English Language Arts Teacher

 

Michelegutz@gmail.com

Teaching Philosophy

 

I believe the role of education should be to liberate individuals from the shackles that imprison their minds and spirits, a prison enforced by bias and injustice present in our social, economic and political structures. Therefore, schools should be a place of learning and self-actualization, a process of discovering personal and collective worth and meaning in order to change society. Teachers hold a special role as facilitators that guide students to an awareness that they have the power to change not only their situations, but the world as well, equipping them with the critical thinking and skills to do so.

 

My social economic background as the daughter of Filipino immigrants who grew up in the largely working class enclave of Westside Long Beach, CA most influences my view of myself as a teacher, as well as my perspective on students and their potential for learning. The concrete realities that arise with the myriad of identities I carry, such as being Brown and female, fused with theoretical foundations I encountered reading pioneers in critical pedagogy to inform how I see myself as a teacher and student of the world. Two of the most influential teachers I’ve encountered has been Black feminist writer bell hooks and Brazilian educator Paulo Freire.

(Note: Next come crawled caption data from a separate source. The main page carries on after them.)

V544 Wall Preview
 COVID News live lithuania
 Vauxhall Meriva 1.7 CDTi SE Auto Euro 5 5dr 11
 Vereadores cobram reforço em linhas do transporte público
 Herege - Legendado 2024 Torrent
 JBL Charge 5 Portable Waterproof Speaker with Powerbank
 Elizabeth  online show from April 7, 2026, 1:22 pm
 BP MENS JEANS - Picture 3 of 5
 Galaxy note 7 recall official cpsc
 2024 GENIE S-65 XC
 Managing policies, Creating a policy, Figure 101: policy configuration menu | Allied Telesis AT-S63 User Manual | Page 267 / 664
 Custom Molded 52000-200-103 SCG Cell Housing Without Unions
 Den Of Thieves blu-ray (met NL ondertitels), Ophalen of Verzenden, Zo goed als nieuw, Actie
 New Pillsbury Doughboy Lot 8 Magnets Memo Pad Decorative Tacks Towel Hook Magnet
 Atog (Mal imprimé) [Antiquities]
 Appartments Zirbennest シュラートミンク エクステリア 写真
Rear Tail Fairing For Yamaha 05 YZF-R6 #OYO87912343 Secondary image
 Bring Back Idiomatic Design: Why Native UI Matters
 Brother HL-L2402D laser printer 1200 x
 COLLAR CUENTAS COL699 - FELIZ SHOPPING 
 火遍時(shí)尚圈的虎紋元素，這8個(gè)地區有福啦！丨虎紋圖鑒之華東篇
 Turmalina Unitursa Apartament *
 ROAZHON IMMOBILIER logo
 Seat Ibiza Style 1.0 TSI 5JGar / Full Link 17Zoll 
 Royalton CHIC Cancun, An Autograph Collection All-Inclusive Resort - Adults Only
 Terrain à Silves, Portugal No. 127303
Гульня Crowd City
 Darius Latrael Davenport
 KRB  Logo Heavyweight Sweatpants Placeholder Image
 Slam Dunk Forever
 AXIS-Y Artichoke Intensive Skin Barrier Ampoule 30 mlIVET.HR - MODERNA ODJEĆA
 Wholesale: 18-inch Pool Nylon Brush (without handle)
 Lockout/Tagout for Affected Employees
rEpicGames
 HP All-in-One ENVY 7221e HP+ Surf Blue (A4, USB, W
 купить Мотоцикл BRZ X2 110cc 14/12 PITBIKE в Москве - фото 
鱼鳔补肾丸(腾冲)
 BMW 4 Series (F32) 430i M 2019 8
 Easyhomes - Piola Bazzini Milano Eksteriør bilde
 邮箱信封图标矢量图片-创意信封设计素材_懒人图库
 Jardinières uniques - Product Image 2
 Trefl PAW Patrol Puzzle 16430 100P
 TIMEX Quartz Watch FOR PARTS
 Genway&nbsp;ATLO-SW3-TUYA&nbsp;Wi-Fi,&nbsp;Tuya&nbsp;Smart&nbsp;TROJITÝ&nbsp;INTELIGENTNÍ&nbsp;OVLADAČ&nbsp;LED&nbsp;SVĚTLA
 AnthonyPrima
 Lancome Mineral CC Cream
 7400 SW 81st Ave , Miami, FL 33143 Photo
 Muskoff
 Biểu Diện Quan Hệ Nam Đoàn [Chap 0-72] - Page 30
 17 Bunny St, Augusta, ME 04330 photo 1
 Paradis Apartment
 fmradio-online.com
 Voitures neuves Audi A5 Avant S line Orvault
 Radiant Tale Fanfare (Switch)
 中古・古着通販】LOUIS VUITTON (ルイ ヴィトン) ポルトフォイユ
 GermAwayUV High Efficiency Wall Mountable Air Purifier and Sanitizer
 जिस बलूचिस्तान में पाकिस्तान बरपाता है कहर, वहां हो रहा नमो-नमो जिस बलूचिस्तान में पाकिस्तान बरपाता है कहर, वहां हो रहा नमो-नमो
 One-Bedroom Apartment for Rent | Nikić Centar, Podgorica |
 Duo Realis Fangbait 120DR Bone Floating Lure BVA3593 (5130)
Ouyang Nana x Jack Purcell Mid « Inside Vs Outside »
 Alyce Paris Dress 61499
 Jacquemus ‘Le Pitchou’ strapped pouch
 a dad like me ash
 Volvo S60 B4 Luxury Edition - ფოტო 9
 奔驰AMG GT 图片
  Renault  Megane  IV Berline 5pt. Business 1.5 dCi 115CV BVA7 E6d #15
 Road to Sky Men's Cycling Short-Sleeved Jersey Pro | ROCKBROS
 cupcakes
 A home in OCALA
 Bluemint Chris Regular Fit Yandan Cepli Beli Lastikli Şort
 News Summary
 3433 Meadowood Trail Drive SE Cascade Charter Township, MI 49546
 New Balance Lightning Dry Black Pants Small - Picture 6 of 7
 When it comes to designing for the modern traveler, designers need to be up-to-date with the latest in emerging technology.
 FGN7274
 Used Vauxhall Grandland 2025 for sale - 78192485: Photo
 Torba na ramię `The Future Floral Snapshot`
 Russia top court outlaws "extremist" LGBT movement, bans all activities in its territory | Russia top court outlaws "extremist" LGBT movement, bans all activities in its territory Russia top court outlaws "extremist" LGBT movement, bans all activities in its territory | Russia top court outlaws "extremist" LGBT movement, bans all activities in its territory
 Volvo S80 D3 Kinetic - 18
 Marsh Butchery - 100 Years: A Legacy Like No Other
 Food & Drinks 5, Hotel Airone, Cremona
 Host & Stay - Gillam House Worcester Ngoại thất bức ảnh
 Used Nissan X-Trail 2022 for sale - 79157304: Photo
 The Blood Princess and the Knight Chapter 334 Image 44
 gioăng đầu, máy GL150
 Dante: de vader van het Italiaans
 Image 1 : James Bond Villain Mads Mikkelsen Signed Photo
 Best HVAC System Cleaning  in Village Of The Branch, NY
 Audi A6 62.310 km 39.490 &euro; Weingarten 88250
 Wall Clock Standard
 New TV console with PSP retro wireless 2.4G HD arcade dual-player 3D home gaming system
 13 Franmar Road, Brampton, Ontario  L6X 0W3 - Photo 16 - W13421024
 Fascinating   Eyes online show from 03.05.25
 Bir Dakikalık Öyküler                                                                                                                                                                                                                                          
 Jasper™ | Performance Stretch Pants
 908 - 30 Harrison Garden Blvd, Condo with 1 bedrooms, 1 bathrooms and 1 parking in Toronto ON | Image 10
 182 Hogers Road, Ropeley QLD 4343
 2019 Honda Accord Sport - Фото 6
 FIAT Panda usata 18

While I will never be able to be a student of theirs in real life, they both had a huge hand in mentoring me as I developed my ideas on the moral, cultural and social dimensions of education.

 

Reading hooks’ Teaching to Transgress and Freire’s Pedagogy of the Oppressed for the first time in college, I experienced a profound paradigm shift, finally having for the first time in my life, a political language with which to explain something that I had always had a feeling was true: that there is no such thing as a neutral education process. Consequently, education for me became about what Freire called the “practice of freedom,” the means by which men and women deal critically with their reality and discover how to participate in the transformation of their world. Therefore, teaching is a fundamentally political act rooted in struggle that is liberatory, transformative, and oriented towards social change. Through the lens of critical pedagogy, I understand education and specifically literacy as more than being able to read and write. Critical literacy allows students, particularly those who are marginalized and discriminated against, to acquire critical consciousness of themselves and the world around them. This is the hope I hold for myself, my students and the world I envision for all of us.